Pentagon ‘struggling’ with cybersecurity of weapons hardware
Pentagon engineers are still struggling “so hard” with ensuring the cybersecurity of the weapons hardware they are buying, despite progress in securing software and IT networks, a senior Department of Defense acquisition official said.
“We struggle so hard … with cybersecurity having been so focused on networks and IT, that when it comes to a system engineer, a system designer, they’re not familiar with those sorts of engineering methods,” said Acting Deputy Assistant Secretary of Defense for Systems Engineering Kirsten Baldwin.

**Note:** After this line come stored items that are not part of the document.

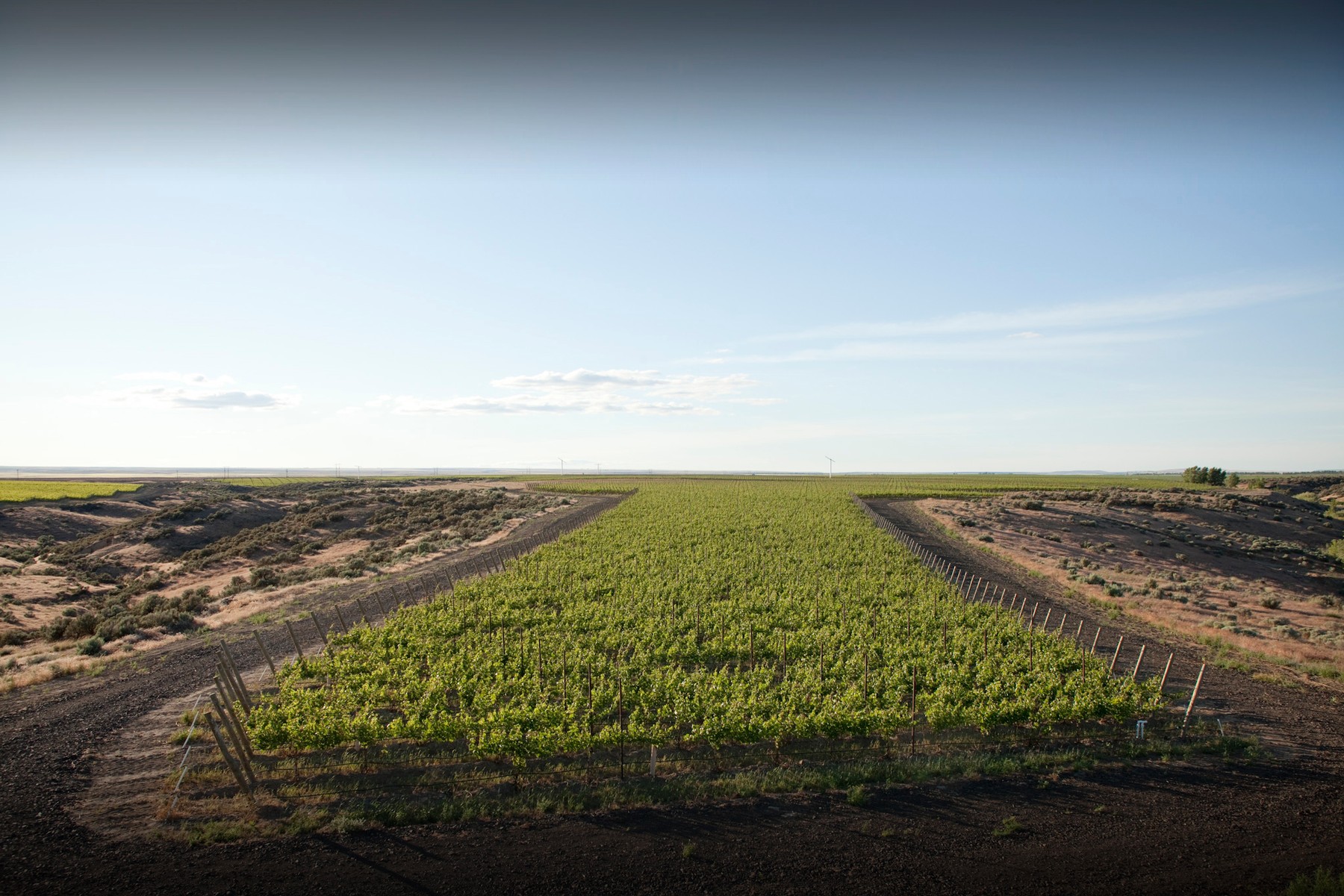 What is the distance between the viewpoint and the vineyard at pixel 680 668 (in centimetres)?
1534

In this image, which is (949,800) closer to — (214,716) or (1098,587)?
(214,716)

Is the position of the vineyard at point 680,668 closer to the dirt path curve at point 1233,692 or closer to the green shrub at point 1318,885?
the dirt path curve at point 1233,692

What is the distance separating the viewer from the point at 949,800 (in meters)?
13.2

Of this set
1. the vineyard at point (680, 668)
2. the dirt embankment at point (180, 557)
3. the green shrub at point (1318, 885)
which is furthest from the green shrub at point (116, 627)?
the green shrub at point (1318, 885)

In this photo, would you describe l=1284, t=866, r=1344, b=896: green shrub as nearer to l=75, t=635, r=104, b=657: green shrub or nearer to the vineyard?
the vineyard

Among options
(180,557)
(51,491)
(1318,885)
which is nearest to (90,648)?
(180,557)

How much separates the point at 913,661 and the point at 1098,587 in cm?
2132

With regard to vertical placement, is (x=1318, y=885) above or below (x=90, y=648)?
above

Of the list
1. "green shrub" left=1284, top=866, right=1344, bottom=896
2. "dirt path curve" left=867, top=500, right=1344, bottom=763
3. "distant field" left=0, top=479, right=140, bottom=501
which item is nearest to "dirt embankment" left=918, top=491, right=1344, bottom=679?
"dirt path curve" left=867, top=500, right=1344, bottom=763

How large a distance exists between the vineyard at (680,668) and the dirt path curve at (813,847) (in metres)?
2.31

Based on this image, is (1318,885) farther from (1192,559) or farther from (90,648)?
(1192,559)

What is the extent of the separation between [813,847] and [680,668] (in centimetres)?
808

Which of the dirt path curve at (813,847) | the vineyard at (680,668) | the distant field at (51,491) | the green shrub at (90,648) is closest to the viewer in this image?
the dirt path curve at (813,847)

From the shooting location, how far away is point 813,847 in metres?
11.7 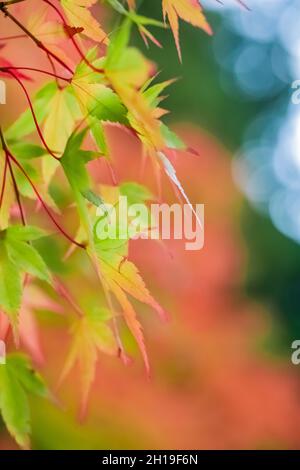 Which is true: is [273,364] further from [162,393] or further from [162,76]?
[162,393]

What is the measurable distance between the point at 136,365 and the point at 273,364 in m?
2.10

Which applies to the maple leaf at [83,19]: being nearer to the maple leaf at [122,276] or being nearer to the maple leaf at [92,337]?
the maple leaf at [122,276]

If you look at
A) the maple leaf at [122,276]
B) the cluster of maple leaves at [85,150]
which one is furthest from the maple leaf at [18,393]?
the maple leaf at [122,276]

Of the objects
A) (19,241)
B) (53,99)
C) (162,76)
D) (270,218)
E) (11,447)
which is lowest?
(11,447)

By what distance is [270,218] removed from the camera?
5547 mm

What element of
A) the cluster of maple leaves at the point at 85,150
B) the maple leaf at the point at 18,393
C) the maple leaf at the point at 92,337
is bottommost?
the maple leaf at the point at 18,393

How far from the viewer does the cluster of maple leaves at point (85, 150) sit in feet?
1.44

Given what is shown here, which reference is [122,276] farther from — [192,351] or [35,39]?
[192,351]

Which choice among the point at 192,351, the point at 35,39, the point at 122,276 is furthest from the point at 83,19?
the point at 192,351

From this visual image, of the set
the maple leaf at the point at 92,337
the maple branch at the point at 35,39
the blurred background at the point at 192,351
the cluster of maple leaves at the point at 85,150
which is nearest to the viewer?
the cluster of maple leaves at the point at 85,150

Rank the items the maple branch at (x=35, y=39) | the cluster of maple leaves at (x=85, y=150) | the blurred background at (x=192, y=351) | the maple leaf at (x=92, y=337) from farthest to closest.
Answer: the blurred background at (x=192, y=351) → the maple leaf at (x=92, y=337) → the maple branch at (x=35, y=39) → the cluster of maple leaves at (x=85, y=150)

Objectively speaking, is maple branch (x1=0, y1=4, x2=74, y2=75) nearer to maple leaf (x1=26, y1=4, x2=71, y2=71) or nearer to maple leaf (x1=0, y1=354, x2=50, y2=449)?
maple leaf (x1=26, y1=4, x2=71, y2=71)

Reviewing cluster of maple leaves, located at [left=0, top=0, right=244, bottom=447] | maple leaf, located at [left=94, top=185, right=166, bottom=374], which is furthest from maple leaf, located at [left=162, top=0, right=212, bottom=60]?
maple leaf, located at [left=94, top=185, right=166, bottom=374]

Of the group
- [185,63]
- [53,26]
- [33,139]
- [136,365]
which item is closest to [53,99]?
[53,26]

“We don’t have strong cybersecurity engineering … inside our systems engineering,” she said, calling it “a big struggle and a huge opportunity” for contractors. “Help us translate IT and cybersecurity methods into a hardware weapons environment,” she urged the audience gathered last week at FedScoop’s Federal Cybersecurity Summit sponsored by Hewlett Packard Enterprise.
She said one approach the Pentagon was already taking was through an initiative called the Joint Federated Assurance Center, or JFAC.
“We have experts in our engineering labs and centers that care very much about this,” she said, “and have the capability to provide direct support to our [acquisition] programs, to help evaluate whether software or hardware microelectronics have been compromised,” she said.
JFAC, which was congressionally mandated in 2014 following fears about the security of the U.S. military’s supply chain, also distributes best practices for employing vulnerability scanning software and other automated tools for assuring the integrity of IT products, Baldwin said.